Je ne mérite pas tout à fait les compliments dont vous m’honorez sur l’expulsion du gros frère Fessi (2) ; j’ai bien eu l’avantage de chasser les jésuites de cent arpents de terre qu’ils avaient usurpés sur des officiers du roi ; mais je ne peux leur ôter les terres qu’ils possédaient auparavant, et qu’ils avaient obtenues par la confiscation des biens d’un gentilhomme : on ne peut pas couper toutes les têtes de l’hydre.
Si vous êtes curieux de nouvelles de philosophie, je vous dirai qu’un officier (3), commandant d’un petit fort sur la côte de Coromandel, m’a apporté de l’Inde l’évangile des anciens brachmanes ; c’est, je crois, le livre le plus curieux et le plus ancien que nous ayons ; j’en excepte toujours l’Ancien Testament, dont vous connaissez la sainteté, la vérité et l’ancienneté. Une chose fort plaisante, c’est que tous les peuples anciens croyaient l’immortalité de l’âme, quand les Juifs n’en croyaient pas un mot.

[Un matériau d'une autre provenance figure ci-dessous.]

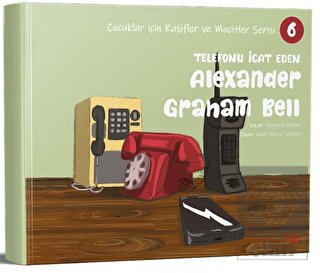Telefonu İcat Eden Alexander Graham Bell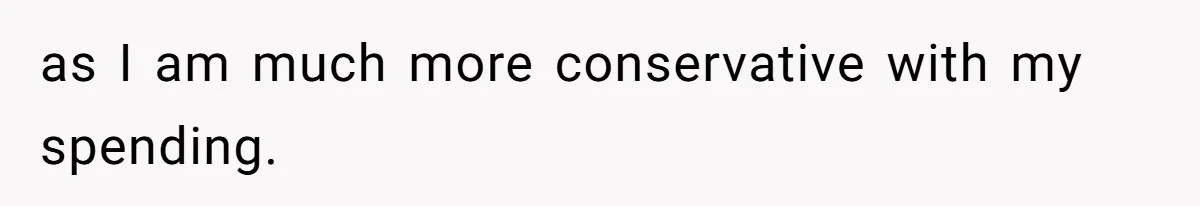 as I am much more conservative with my spending.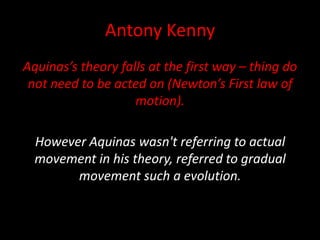 Antony Kenny
Aquinas’s theory falls at the first way – thing do
not need to be acted on (Newton’s First law of
motion).
However Aquinas wasn't referring to actual
movement in his theory, referred to gradual
movement such a evolution.
 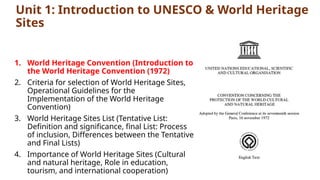 Unit 1: Introduction to UNESCO & World Heritage
Sites
1. World Heritage Convention (Introduction to
the World Heritage Convention (1972)
2. Criteria for selection of World Heritage Sites,
Operational Guidelines for the
Implementation of the World Heritage
Convention)
3. World Heritage Sites List (Tentative List:
Definition and significance, final List: Process
of inclusion, Differences between the Tentative
and Final Lists)
4. Importance of World Heritage Sites (Cultural
and natural heritage, Role in education,
tourism, and international cooperation)
 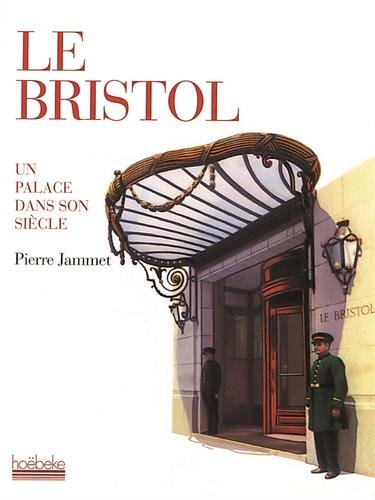 Hôtel Bristol, un palace à travers le temps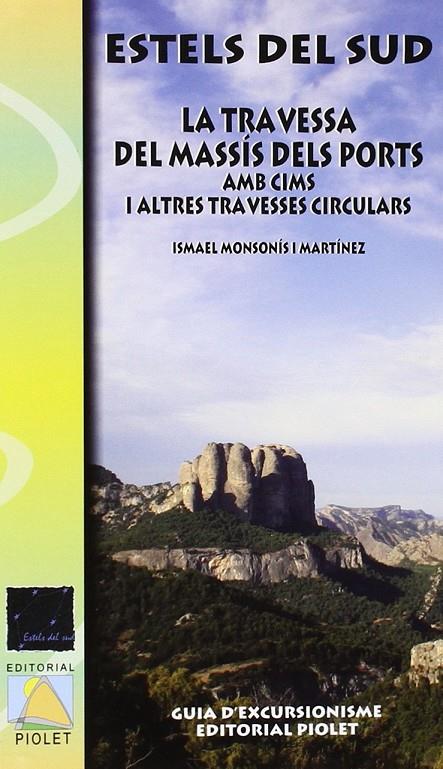 ESTELS DEL SUD. LA TRAVESSA DEL MASSÍS DELS PORTS AMB CIMS I ALTRES TRAVESSES CIRCULARS. | 9788494291234 | EDITORIAL PIOLET / ISMAEL MONSONÍS MARTÍNEZ | Llibreria Ombra | Llibreria online de Rubí, Barcelona | Comprar llibres en català i castellà online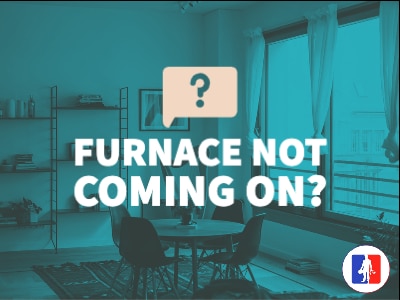Why Is My Furnace Not Coming On?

Si vous voulez des nouvelles de nos armées le régiment de Champagne s’est battu comme un lion et a battu comme un chien. Si vous voulez des nouvelles de la marine, on nous prend nos vaisseaux (4) tous les jours. Si vous aimez mieux des nouvelles de finances, nous n’avons pas le sou. Je vous aime, et je vous regrette de tout mon cœur.
1 – Chambre d’ami aux Délices. (G.A.)
2 – Supérieur des jésuites d’Ornex. (G.A.)
3 – Le chevalier de Maudave. (G.A.)
4 – Il y eut de pris ou détruits dans la guerre de Sept-Ans trente-trois vaisseaux de ligne et soixante-quatorze frégates. (G.A.)
à M. Damilaville.
27 Février 1761.
Reçu K et L (1). Enivré du succès du Père de Famille (2), je crois qu’il faut tout tenter, à la première occasion, pour mettre M. Diderot de l’Académie : c’est toujours une espèce de rempart contre les fanatiques et les fripons. Si je peux exécuter quelques ordres pour M. Damilaville auprès de M. de Courteilles, je suis tout prêt et trop heureux.
Les frères ont-ils reçu un chant de Dorothée (3), retrouvé dans d’anciennes paperasses, et des lettres du marquis de Ximenès sur le roman de J.-J. ?
J’assomme les frères de petites dépenses : je prie M. Thieriot de mettre tout sur mon agenda. Il y a longtemps qu’il ne m’a écrit ; il ne sait pas que j’aime passionnément ses lettres. Mille tendres amitiés.
1 – Du Recueil A, B, C, etc. (G.A.)
2 – Joué le 18 Février. (G.A.)
3 – Voyez la Pucelle. (G.A.)
à M. Fabry.
Aux Délices, 24 Février 1761 (1).
Monsieur, j’ai l’honneur de vous envoyer la lettre de M. de Montigny, où vous verrez ce qu’on pense du sieur Sédillot ; j’y joins une lettre de M. de Villeneuve pour le remercier, et en même temps pour lui dire combien la province vous a d’obligations. Je lui fais un petit tableau des malheurs du pays de Gex, et des torts que le sieur Sédillot a faits à ce petit coin du monde, qui sans vous serait accablé. J’ai écrit en conformité à M. de Courteilles et à M. de Trudaine.
J’ai vu M. Myrani que vous avez eu la bonté de m’envoyer. Vous me rendez cette province chère ; je contribuerai, autant qu’il me sera possible, au desséchement que vous projetez de tous les marais ; et mon principal soin sera toujours de seconder, autant qu’il sera en moi, vos volontés et vos vues pour le bien public.
J’ai l’honneur d’être, avec tous les sentiments qui vous sont dus, monsieur, votre très humble et très obéissant serviteur.